Material provided>
+---+

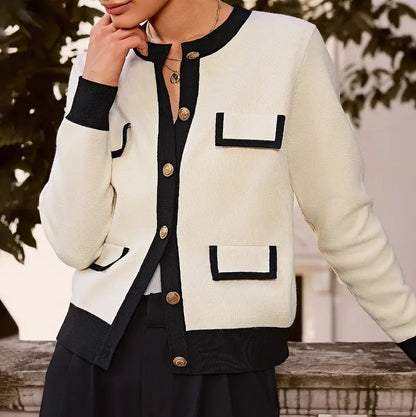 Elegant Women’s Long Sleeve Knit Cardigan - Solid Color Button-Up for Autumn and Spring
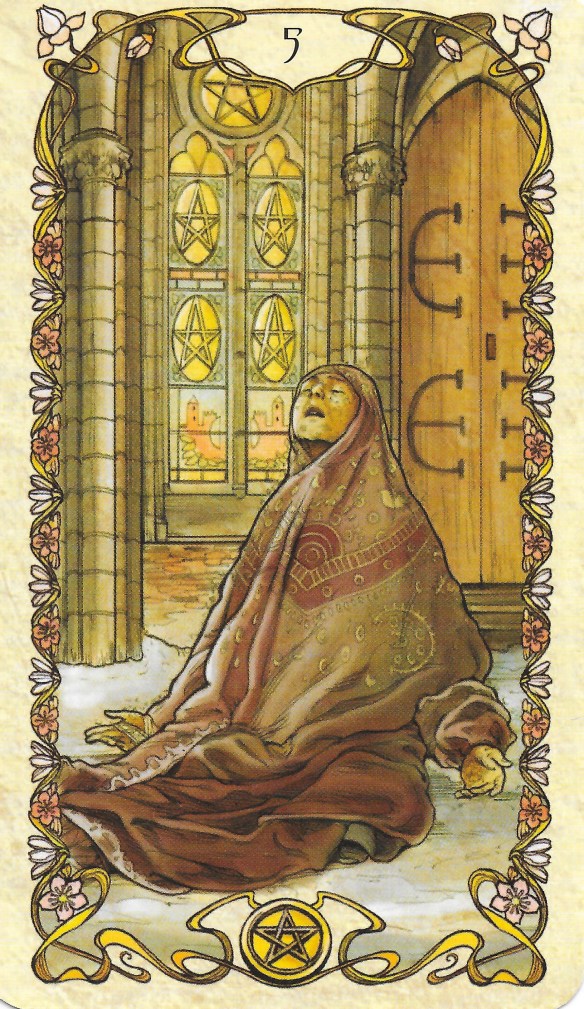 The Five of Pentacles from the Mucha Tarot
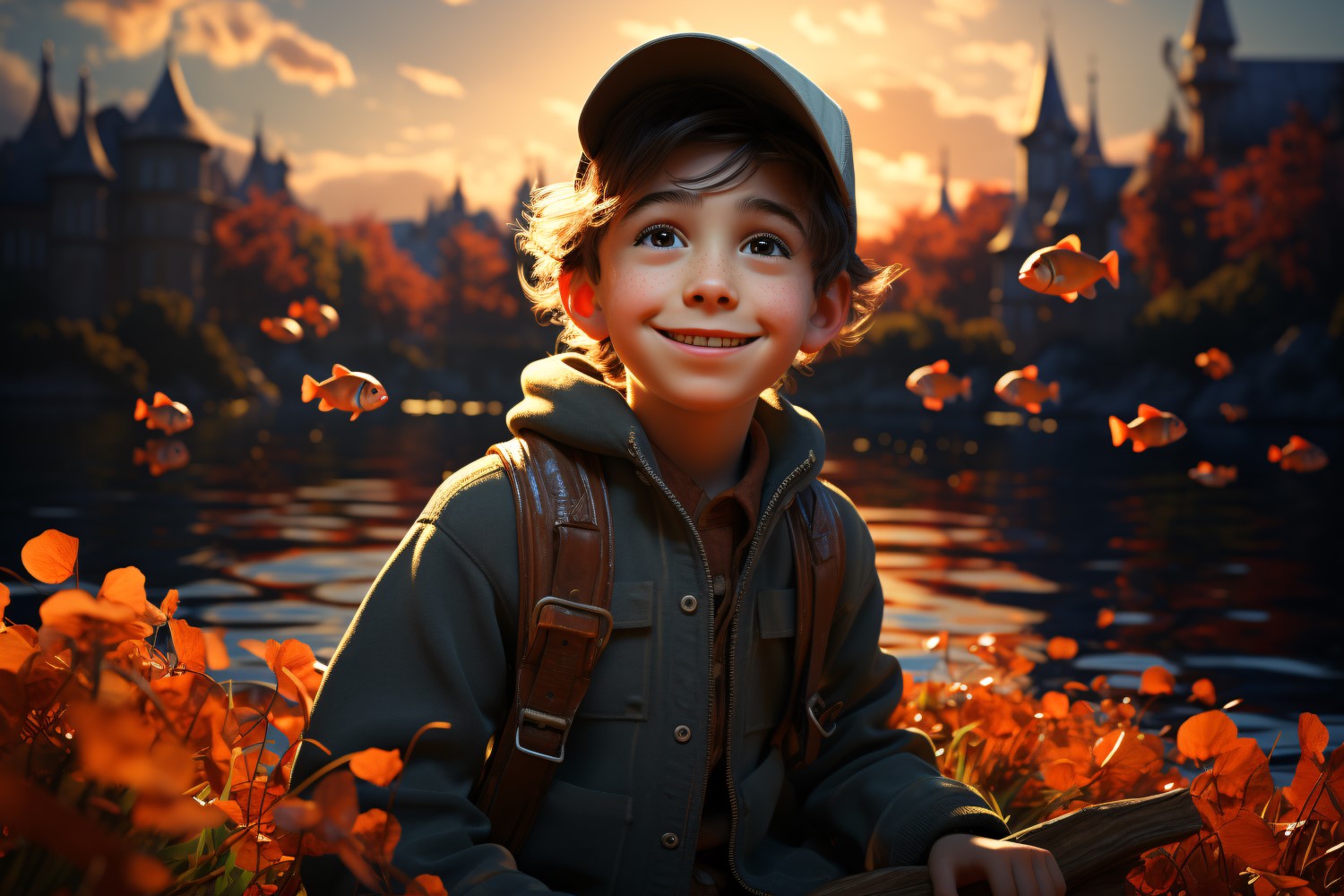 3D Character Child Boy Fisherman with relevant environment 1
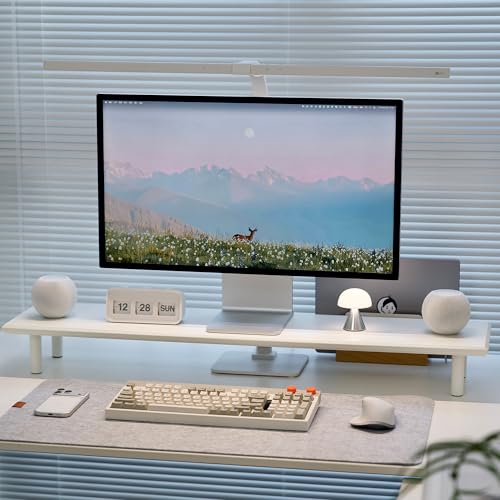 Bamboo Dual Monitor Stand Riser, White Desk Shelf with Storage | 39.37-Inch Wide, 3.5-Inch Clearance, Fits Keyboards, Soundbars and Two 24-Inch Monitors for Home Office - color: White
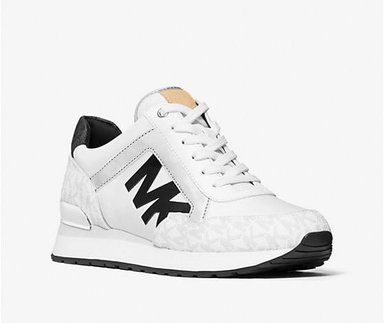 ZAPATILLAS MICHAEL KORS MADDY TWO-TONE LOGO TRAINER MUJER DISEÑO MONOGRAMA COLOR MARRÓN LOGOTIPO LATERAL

+---+

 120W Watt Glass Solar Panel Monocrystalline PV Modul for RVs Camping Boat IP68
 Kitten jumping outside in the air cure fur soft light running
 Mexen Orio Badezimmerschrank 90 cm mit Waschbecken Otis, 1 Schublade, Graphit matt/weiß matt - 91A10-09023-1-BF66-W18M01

+---+

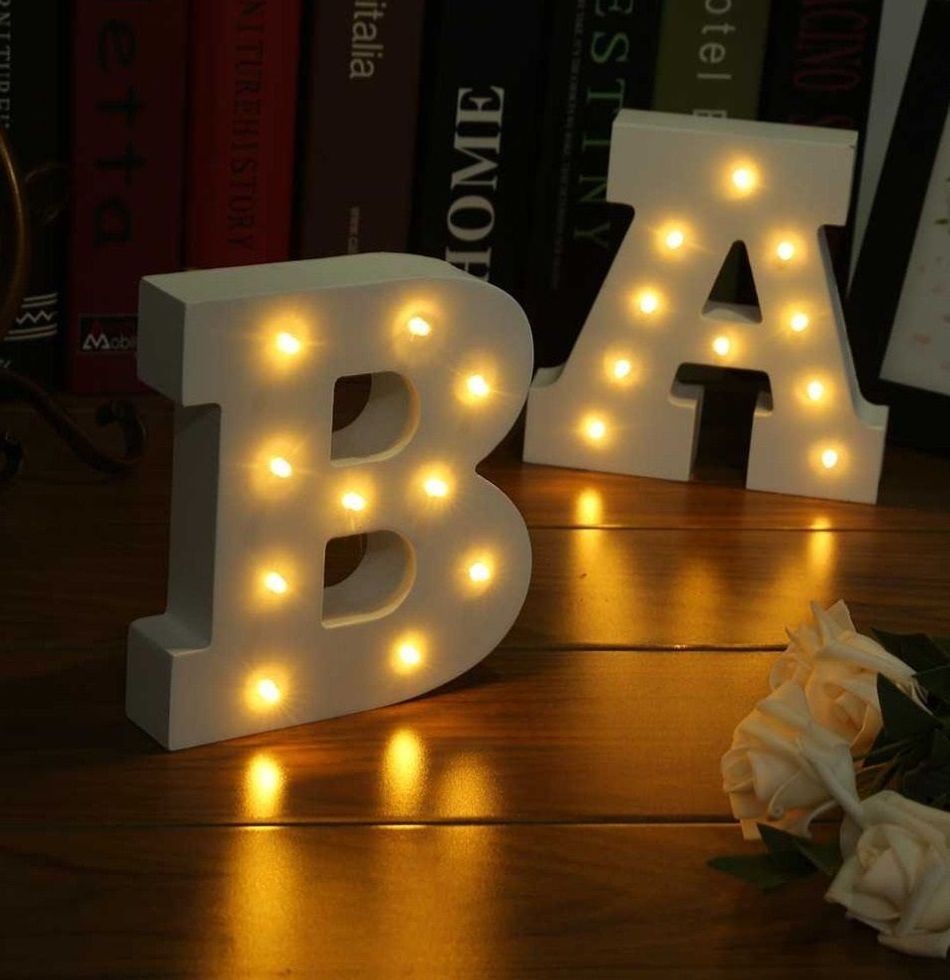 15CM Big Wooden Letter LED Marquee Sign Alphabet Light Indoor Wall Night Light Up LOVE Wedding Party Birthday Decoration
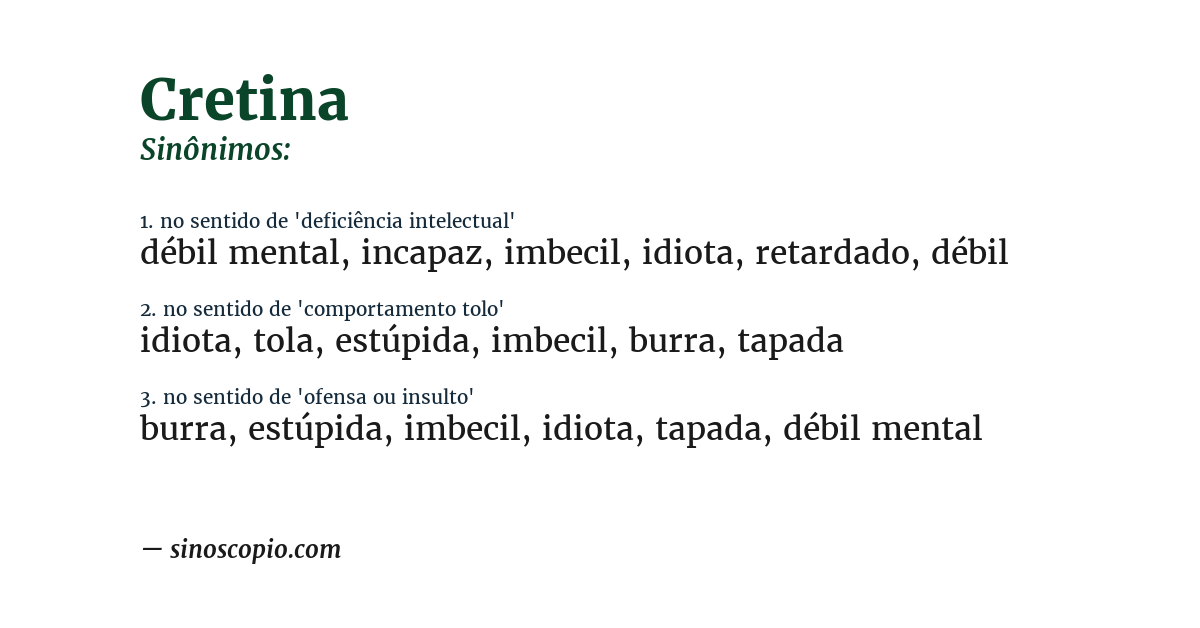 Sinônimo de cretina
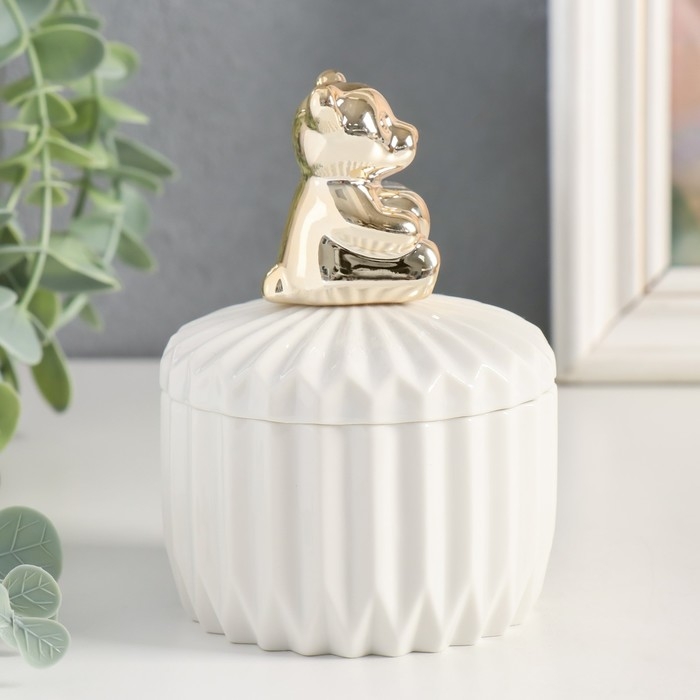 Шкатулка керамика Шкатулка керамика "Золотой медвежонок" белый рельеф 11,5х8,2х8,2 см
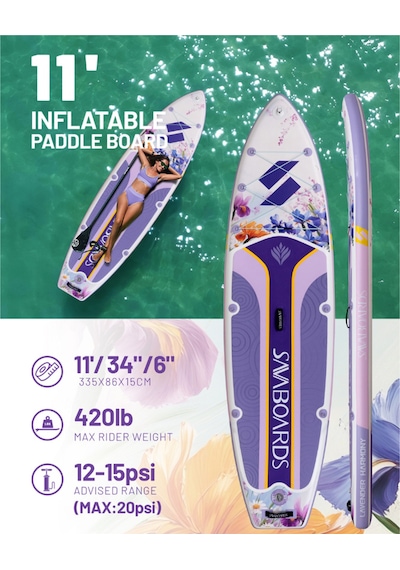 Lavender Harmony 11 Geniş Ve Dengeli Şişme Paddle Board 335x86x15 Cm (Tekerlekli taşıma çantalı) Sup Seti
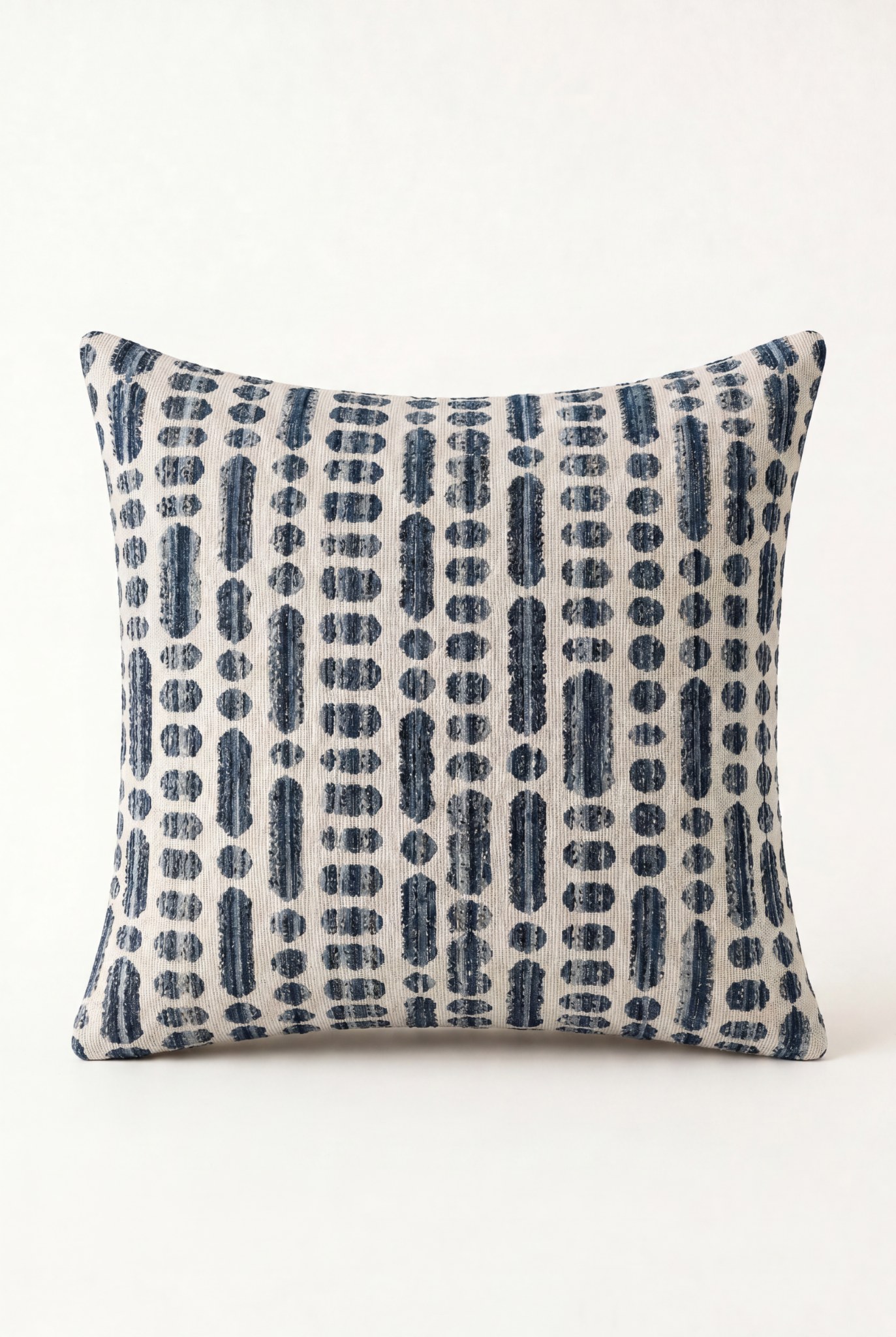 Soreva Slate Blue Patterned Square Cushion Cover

+---+

Skipping every picture, transcribe exactly the lines above from the one containing "3D Character Child" through the one containing "Bamboo Dual Monitor", both included.

Expected answer>
 3D Character Child Boy Fisherman with relevant environment 1
 Bamboo Dual Monitor Stand Riser, White Desk Shelf with Storage | 39.37-Inch Wide, 3.5-Inch Clearance, Fits Keyboards, Soundbars and Two 24-Inch Monitors for Home Office - color: White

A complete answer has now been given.